We made a leisurely start from Gas Street at 1015 and were soon out of the central Birmingham area on the wide and deep Birmingham Canal (new main line). We saw there was a boat in front of us, and were catching it up over a distance of two miles, until just past Bromford junction he waved us past. It was a curious place for the overtake as it was quite bendy and there were trees overhanging on the right. As I opened the throttle and moved to the left I was aware that the canal was quite shallow near the bank. This had the effect of giving me minimal speed advantage over the boat we were overtaking (Jura Reve). I got there in the end, just feet before a bridge hole.

Before this excitement we had the bonus of seeing a boat pass overhead on the Old Main Line or Wolverhampton Level on Stewart (or is it Steward or Steward's) Aqueduct.

Here's a graffito for Adam.

It was another hot day, and the grass cutters were doing their thing on the north towpath. Except they weren't, they had abandoned their strimmers and were taking a break in the shade of a tree.

It's great that the towpath vegetation is being cut back, especially on the lesser-used northern one, but it's a pity so much of it lands in the water. Shortly after passing through all the floating grass cuttings we stopped on the Ryland Aqueduct where I removed a quantity of freshly cut stalks from the prop.

Perhaps I should have waited until we'd cleared Factory Locks.

After the three locks progress was again slow. I couldn't be sure whether it was the relative narrowness and possible shallowness of the Wolverhampton Level we'd joined, or something else round the prop.

We got through Coseley Tunnel and then stopped. A visit down the weed hatch produced a large thick plastic bag from the prop. I'm always surprised by how well the boat copes with so much rubbish round the prop.

Immediately after Deepfields Footbridge is a large pipe bridge. These youngsters found the challenge of beating the anti-climb spikes too much to resist.

Nothing of great significance happened until we tied up in Wolverhampton just above the top lock. (Nothing of great significance happened then, either.)

We walked into town to look round. It was our first time there, despite having passed on the canal at least twice before. I continued my search for a supplier of large O-rings for a project on the boat and, again, drew a blank. Where are all the hardware/ironmonger's shops? There's an excellent one in Norwich (Thorn's) but that's no good to me here.

When we got back we had a towpath barbecue, then pushed the boat across to the other side to be slightly "safer" from night-time revellers. The police and ambulance sirens are slightly closer, but the trains are slightly further away. Not that you'd notice. There's a curve just to the north of the station, right opposite us. The train wheels squeal as they negotiate this curve, and the track sounds like (proper) jointed rails (not the continuous welded stuff which doesn't sound right!) I can feel the vibrations in the boat.

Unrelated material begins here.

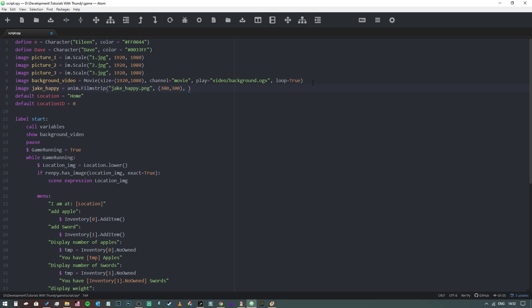Then we need to say the grid size. In this case we have four frames across and six frames down. Then we need to say the delay in seconds, so one eighth of a second is 0.125. We can leave our positional information out for now, and then we can just say loop equals true.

I don't suppose all this noise will keep us awake, though. If it wakes us early in the morning we'll make a reasonably early start down the locks to beat the heat. (This summer weather is fantastic, isn't it? Long may it last!)

Oh - the clear waters of the title: here in Wulfrun* the canal bed is very weedy. This seems to filter out the sediment from the water, with the result that you can see the bottom, and loads of fish.

After we had moved across to the 24 hour mooring the other side I noticed a floating island of rubbish. This was gradually moving to our original mooring, so I went round and fished out the bottles, cans and expanded polystyrene, put them in a discarded carrier bag, and deposited it all in a bin.

Maffi would be proud of me.

*Wulfrun is apparently the old name for Wolverhampton. A case of the modern name being an embellishment of the original rather than a contraction?


Adam said...

Good old GNS! (Although the bit of GNS we're responsible for is now called the Rip and Read)

Sarah said...

Actually, Wulfrun was only part of the original, old English name. I can't type the rest but it means something like Wulfran's High Farm. It amazed me to discover that it dates back at least to the 11th centory.

Halfie said...

Thanks Sarah. We saw what was claimed to be the oldest thing in Wolverhampton: the column which is all that is left of a cross from the 9th century.